The company’s search advertising segment also performed well, bringing in $44 billion in revenue, outpacing the average analyst projection of $43.2 billion.

However, Google’s dominance in the search market faces new challenges from generative AI chatbots that provide more conversational responses to user queries. Companies like Microsoft, supporting Open AI Inc.’s ChatGPT, are vying with Google in this space, prompting concerns that Google may have been slow to adapt to the market shift.

Porat and Alphabet’s CEO, Sundar Pichai, expressed their commitment to operating more efficiently, with Porat mentioning a “slower pace of headcount growth” as part of these efforts. They emphasized their dedication to investing in opportunities such as artificial intelligence, aiming to lead in AI models and infrastructure.

Traditional search in trouble
Alphabet’s ongoing legal battle with the US Department of Justice over alleged search market power abuse also affects investor confidence. Evelyn Mitchell-Wolf, a senior analyst with Insider Intelligence, stated that “any outcome should influence investor confidence in the longevity of the Google business model.”

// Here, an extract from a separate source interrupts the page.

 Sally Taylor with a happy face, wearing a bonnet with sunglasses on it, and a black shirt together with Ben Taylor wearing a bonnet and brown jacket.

On a positive note, YouTube reported $8 billion in revenue, surpassing analysts’ average estimate of $7.8 billion. Despite being a drag on Alphabet’s performance in recent quarters, YouTube’s results indicate that it is benefiting from the broader recovery in digital advertising spending.

Alphabet’s Other Bets, which encompasses moonshot projects like Waymo’s self-driving car initiative and Verily’s life sciences unit, generated $297 million in revenue while incurring a loss of $1.2 billion, aligning with analysts’ expectations.

Alphabet’s shares experienced a decline, falling to as low as $128.80 in late trading after closing at $138.81. The company’s shares have seen a 57 percent increase this year.